A. India: So difficult. I do think that just being in a room where they feel loved and wanted cheers even the most grumpy curmudgeon, even if they don't show it much. If absolutely all else fails, you could sort of theme part of the day around them, or around their memories of more youthful Christmases, most easily through the medium of old movies and/or music. We're so used to old people having to fall in with what younger people are doing that sometimes it's quite nice to flip it around for a while.
NB You need to prime your children not to howl with laughter at the strangulated accents if you're watching old British movies. Good luck!
Q. Sidalee7: Can you share any tips to get through the first crap Christmas after splitting up, while making it amazing and magical for the children?
A. India: So been there, more than once. Dissemble, is the only answer. Put in an Oscar-winning performance of cheerfulness and enthusiasm. You don't say how old your children are but they will take their cue from you and from your emotional state, so just act your socks off. I don't know if the ex is likely to make an appearance at some point, or if he's their dad - but if he does, the answer again is to be almost inhumanly cheerful. Avoid silences and pointed looks like the plague - now's really not the time.
Re. amazing and magical: this is obviously completely subjective but I've found that the really important thing is not to make children feel their family unit has been fatally disrupted, which in my experience means ramping up the family stuff you do. Even if it's stuff you've never done before.
It's all little things, like cooking together, or hunkering down on the sofa with a family movie, or playing old-school board games.
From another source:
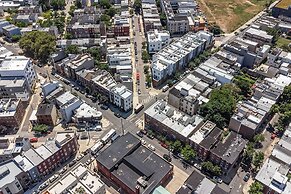 Trendy Fairmount Gem Roof Deck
You want to make them think: "Things are fine, we're a unit." I think the problems start occurring when you convey the sense that you're a unit with a part missing, which communicates itself to children, which makes them feel unhappy and anxious.
It's very easy to give kids the impression that you're emotionally somewhere else, and I'd say that that's the one thing to avoid. If you manage that, then you're winning. It's Christmas Day, you've got presents, you've got a turkey, you're together with your kids, you love them and they love you - it'll be fine, I promise.
Q. CeliaFate: How do you get the right balance between traditionally homemade Christmas and knackered, frazzled woman on the edge?
A. India: Alcohol (joke) (kind of). And the knowledge that it's the same for women all over the country, that it's only one day and that if you relax and hold on to your wine glass, it can be the best day of the year.